Things have moved on in so many ways. Yes, white guys still go into jungles to do research on people not like them, but these days with almost excruciating levels of reflection on ethics, power and ethnic difference. The discipline of anthropology has atoned for its sins by decades of penitence, guilt and reflexivity. People have begun to study cultures close to home: to make what they may have thought familiar, strange. The idea is that to truly understand people's daily lives (or at least their daily working lives), you need to pay attention to the tiny actions which no one notices because, well, they just
do them. Think back to your time at high school: how many weird rules or happenings can you remember? I bet they all made perfect sense at the time but now....er....what were we thinking?

I think ethnography is a wonderful and very special method of research.
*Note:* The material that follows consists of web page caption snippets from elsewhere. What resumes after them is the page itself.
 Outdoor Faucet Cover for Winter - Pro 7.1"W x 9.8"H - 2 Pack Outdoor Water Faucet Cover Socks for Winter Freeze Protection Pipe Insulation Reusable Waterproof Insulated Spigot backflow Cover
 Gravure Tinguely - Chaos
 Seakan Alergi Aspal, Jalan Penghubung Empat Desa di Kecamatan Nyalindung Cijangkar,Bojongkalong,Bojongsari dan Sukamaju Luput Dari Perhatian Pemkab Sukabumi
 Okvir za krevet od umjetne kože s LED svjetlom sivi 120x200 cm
It embraces uncertainty, bias, complexity, creativity and messiness. It doesn't try to order life in a way that it can never truly be ordered. In ethnographies, writing is seen as a craft, through which a picture of a tiny corner of life is painted. That painting is then used to help us understand whole other parts of the world. Like a little patch of purple on a mural which, if you notice it, suddenly makes you see all the other patches of purple where you never saw them before. The flip side is that you're left trying to craft a story from versions of the truth woven together, so complex you barely know where to begin.
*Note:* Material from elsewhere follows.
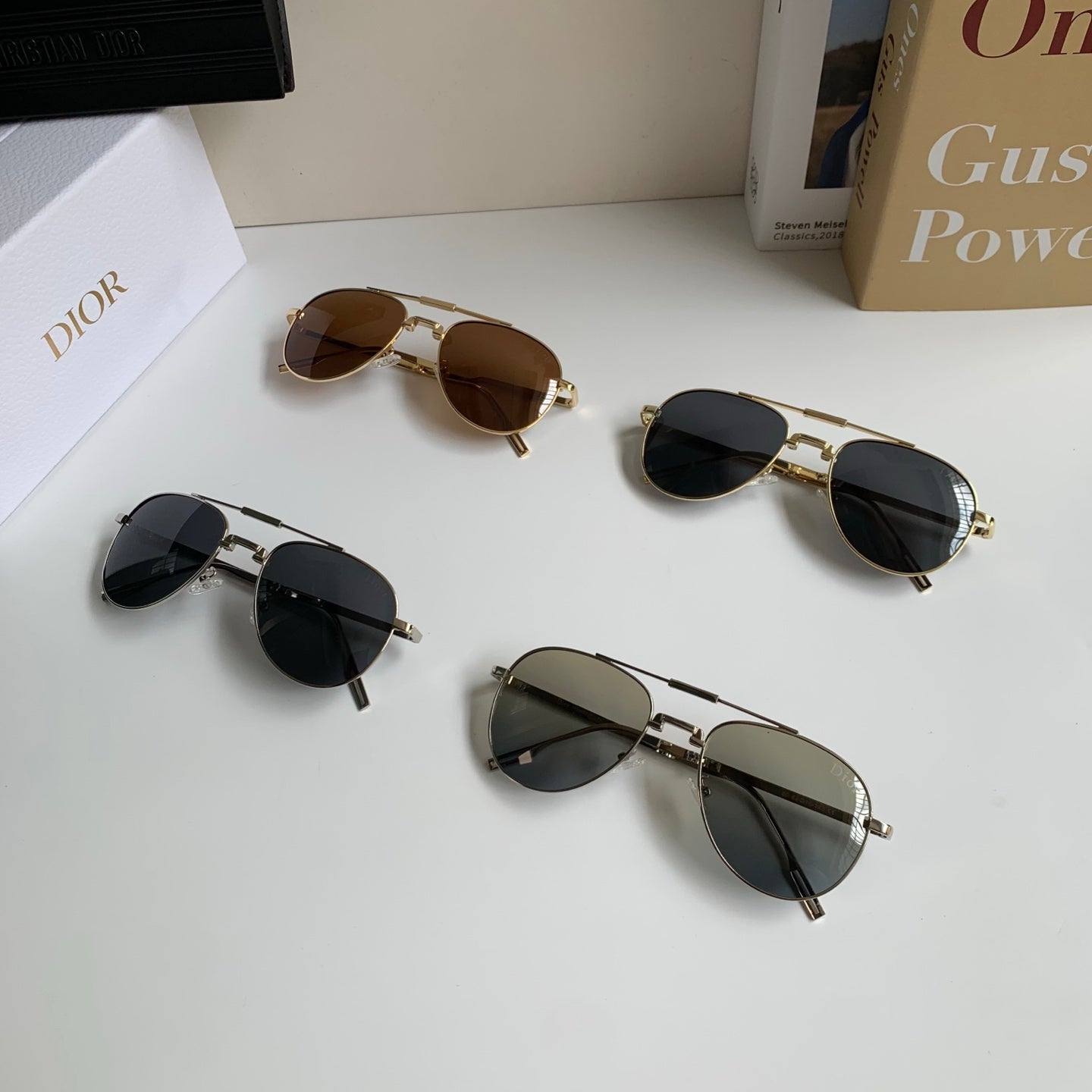 Dior Polarized Metal Fashion Silver Lens Sunglasses for Men & Women - 465410 - detail image 11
The messiness and creativity in ethnographic research makes it open to attack for lacking such things as 'rigour' and truthtelling or that it's woolly and biased. I'm not going into why I think this is nonsense right now - explanations available on request; but to be in a space with 70 other people who all think ethnographic research is amazing is a rare and welcome treat.
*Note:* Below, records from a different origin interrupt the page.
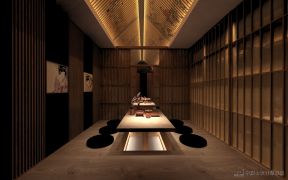 180平米沈阳日本料理餐厅餐桌设计装修效果图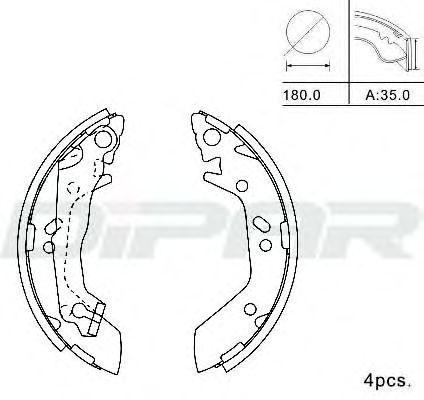 Комплект тормозных колодок DITAS DPB1012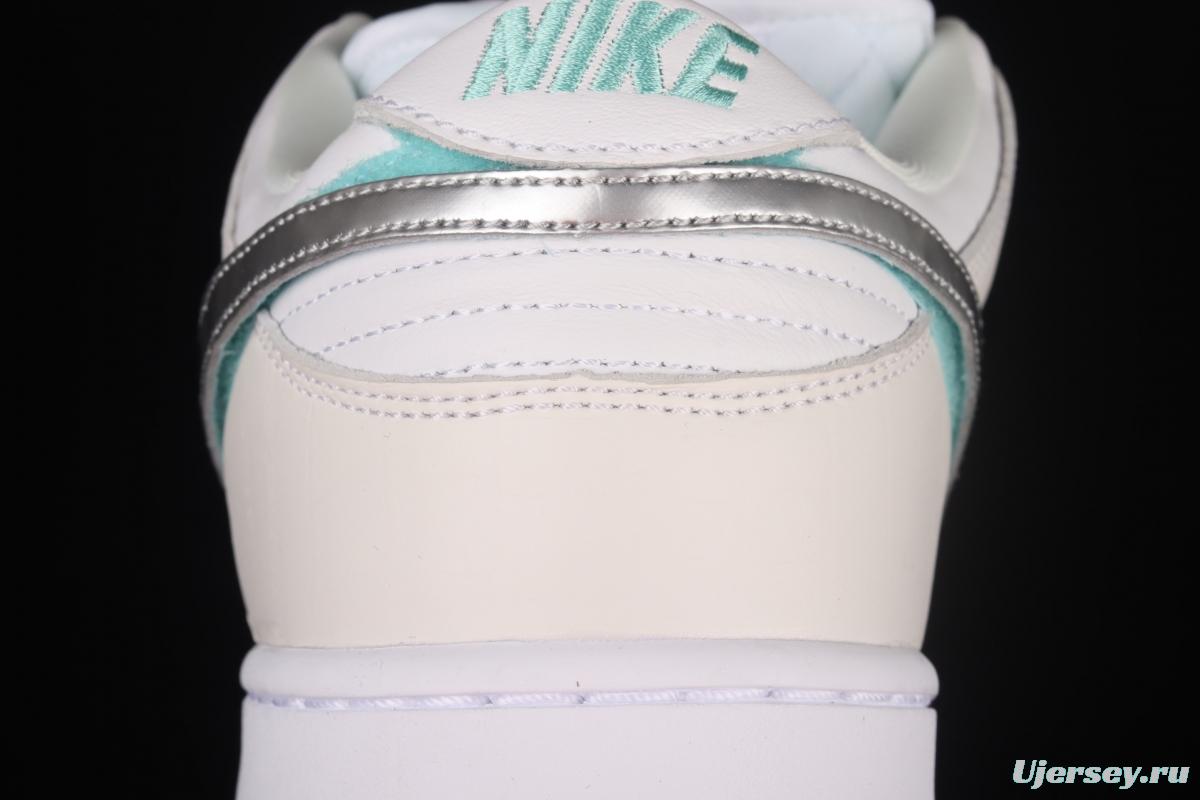 Diamond Supply Co x NIKE SB DUNK Low joint style white diamond SB rebound fashion casual board shoes BV1310-100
I have also come to the conclusion that ethnographers are disproportionately extrovert people. Few shy people would put themselves through the experience of walking into somewhere and trying to persuade a large number of people to let them watch their work. Trust me, it's horrible. 70 extroverts in a confined space for three days with an enormous amount of free wine: fun, exciting, educational, hilarious, never dull but completely and absolutely exhausting.